As most early childhood professionals know the true reward of the work is witnessing the children growing and learning. Unfortunately, sub-par wages and lack of professional recognition can deflate the spirit of even the most passionate educator. Nevertheless, there is some good news! Various efforts to support early childhood workforce improvements are taking place across the country, including:
- Power to the Profession is a national collaborative working to unify the early childhood education profession. The two-year initiative began in May 2016 and is comprised of a national taskforce of organizations. The work includes engaging
,stakeholders to inform a framework of guidelines which address: Competencies, Qualifications, Career Pathways, and Compensation. For more information and how to get involved visit the National Association for the Education of Young Children www.NAEYC.org/profession
- The National Workforce Registry Alliance reports that 39 states now have established workforce registry systems. Having a systematic process of capturing our workforce data can be used to inform public policy. The data set provides insights on education, career pathways, professional development, and achievements of the early childhood and afterschool workforce. https://www.registryalliance.org
Furthermore, Federal laws are increasingly recognizing the importance of early childhood education.
- Every Child Succeeds Act (ESSA) has integrated early learning into school improvement, including building career pathways for early childhood educators. https://www.ed.gov/essa?src=ft
- The Child Care and Development Block Grant (CCDBG) reauthorization in 2014 put more attention to pre-service and ongoing professional development.

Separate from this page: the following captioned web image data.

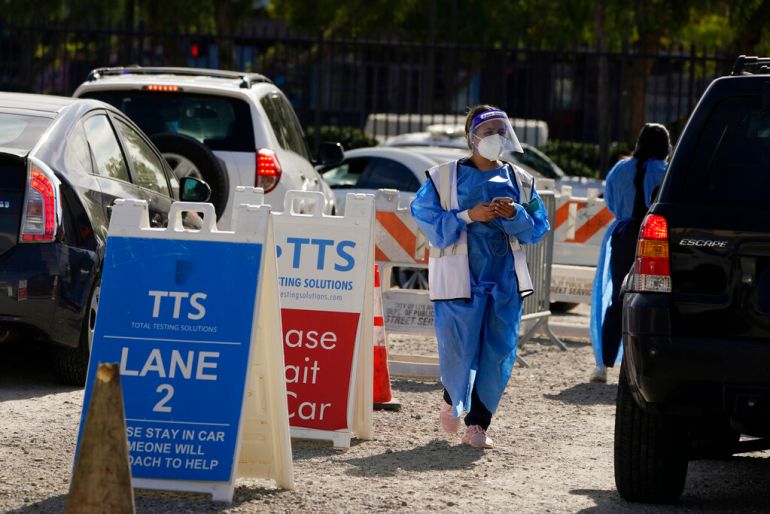 Workers wear protective equipment at a COVID-19 testing site in the Boyle Heights section of Los Angeles.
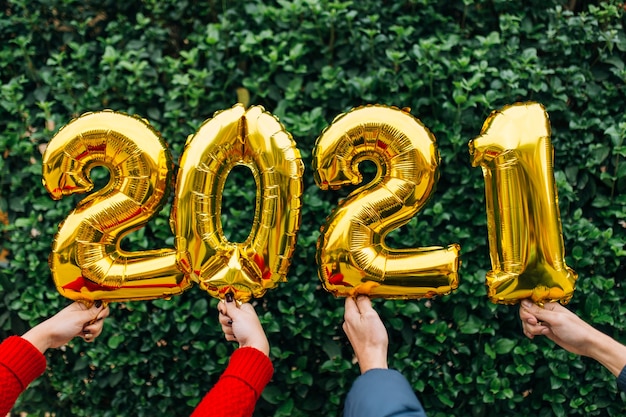 Man and woman couple hands holding gold foil balloons numeral 2021 in front of a wall of plants. New year celebration concept.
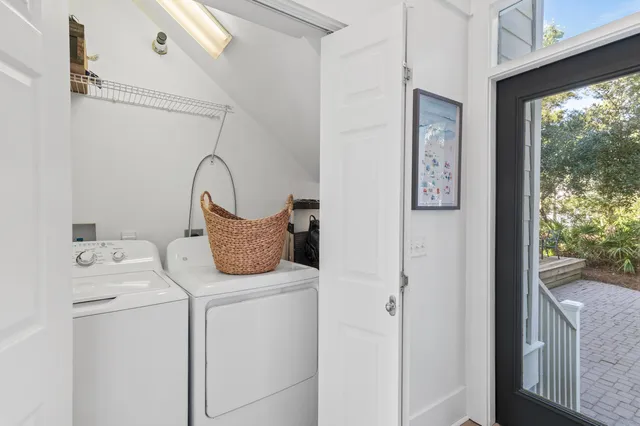 a utility room with dryer and washer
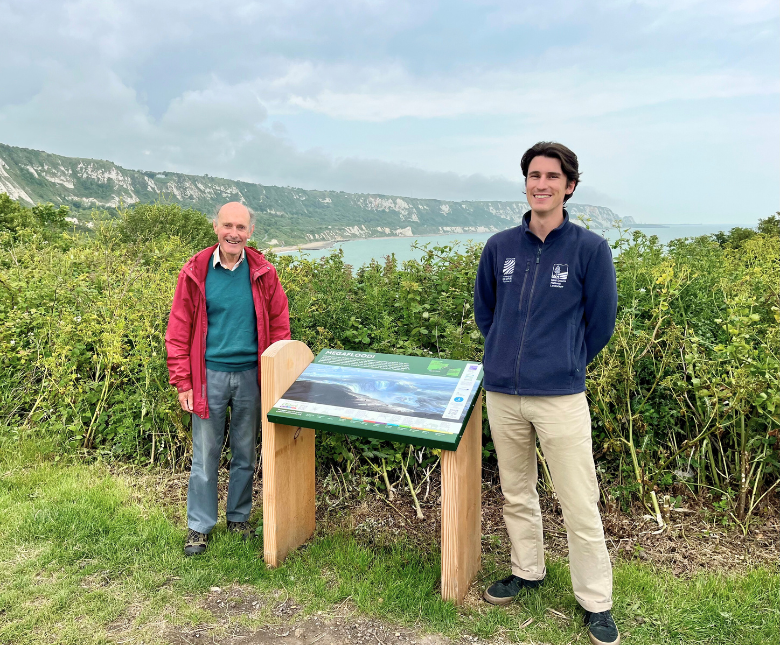 An image of Cllr Stephen Scoffham (right) and Greg Taylor standing next to an information board at East Cliff Folkestone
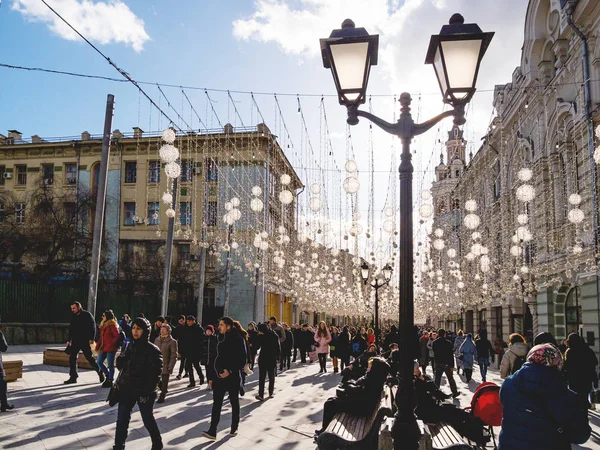 МОСКВА, РОССИЯ - 09 марта 2019 года. Местные жители и туристы ходят по знаменитой Никольской улице, украшенной лампочками . — стоковое фото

In March 2018, the Omnibus bill passed which includes the largest increase in discretionary child care funding in history. To read more visit Zero to Three.
We know that 90% of a child’s brain growth occurs in the first 3 years of life. Surely, there is no greater argument for why early care and education professionals deserve respect and adequate compensation.
The message is out and the public is listening. Let’s keep the momentum going! Visit the NAEYC website for messages you can share on social media.
And, don’t forget to celebrate YOU!!!